[Image-caption web data]
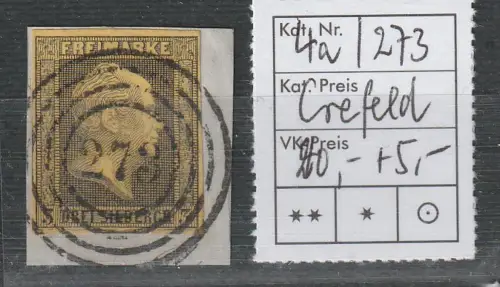 Preußen: Nummernstempel  273 (Crefeld) auf Nr. 4a, geprüft 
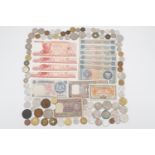 A small quantity of Chinese and other coins and banknotes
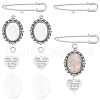 SUNNYCLUE 60Pcs 5 Styles Tibetan Style Alloy Pendants with Iron Brooch Findings TIBE-SC0009-45A-1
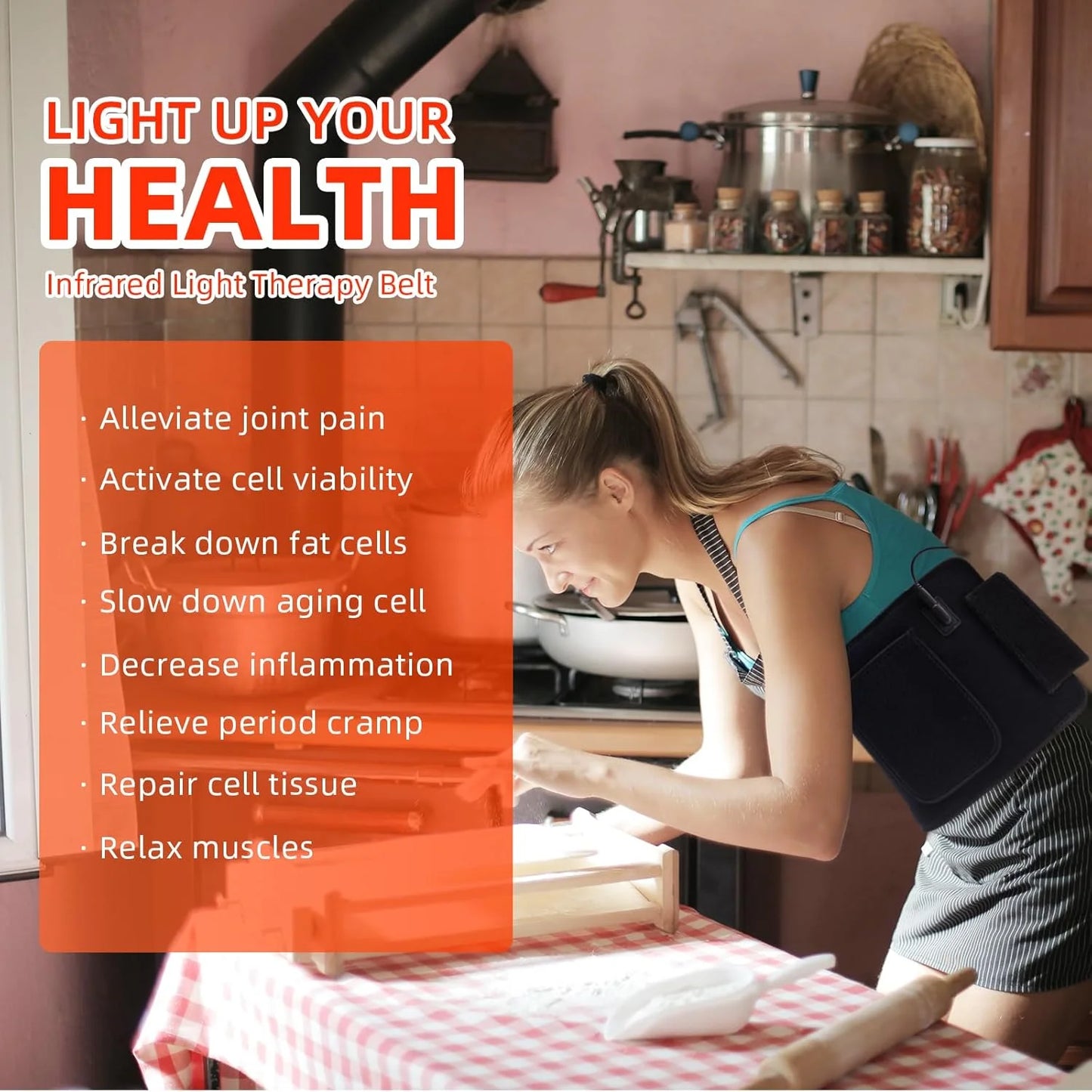 Red Light Therapy for Body, 15.9" X 7.9" Infrared Light Therapy Belt with 120 Leds, 660Nm Red Light & 850Nm Infrared Light Therapy Mat with Timer for Back Shoulder Waist Muscle Pain Relief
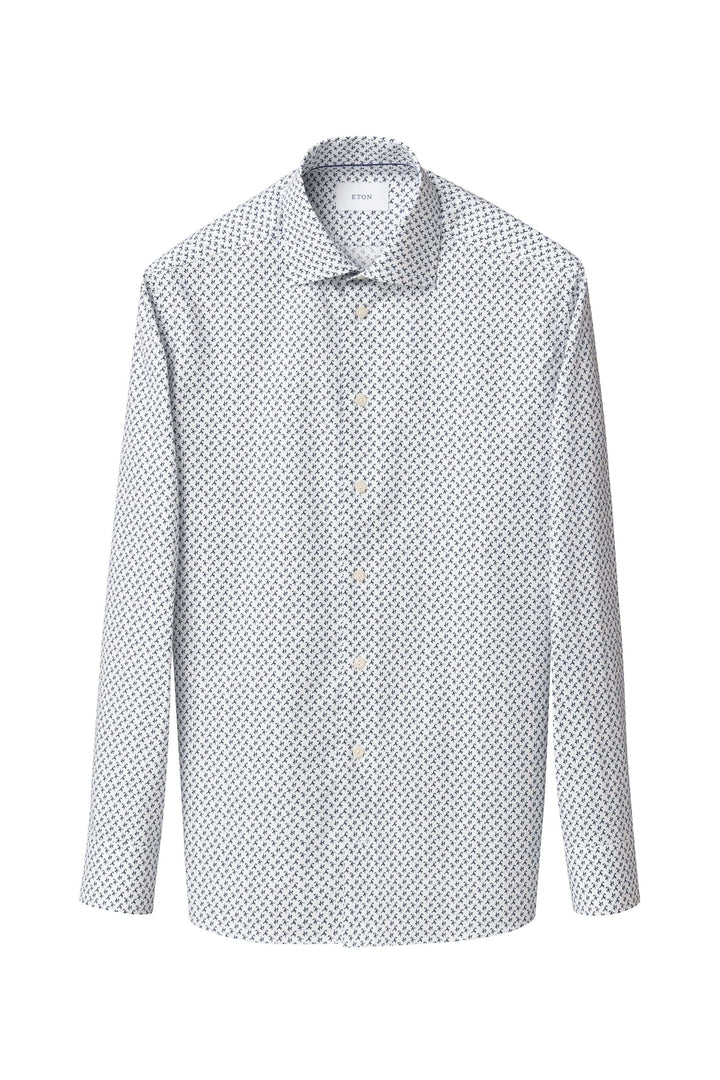 Chemise imprimé original avec petites silhouettes, élégante et raffinée pour tenues formelles.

Work instructions: Look above for the line with "A small quantity", then print it and each line after it down to and including the line with "SUNNYCLUE 60Pcs 5". Leave out the pictures and keep the wording exact.

Exercise result:
 A small quantity of Chinese and other coins and banknotes
 SUNNYCLUE 60Pcs 5 Styles Tibetan Style Alloy Pendants with Iron Brooch Findings TIBE-SC0009-45A-1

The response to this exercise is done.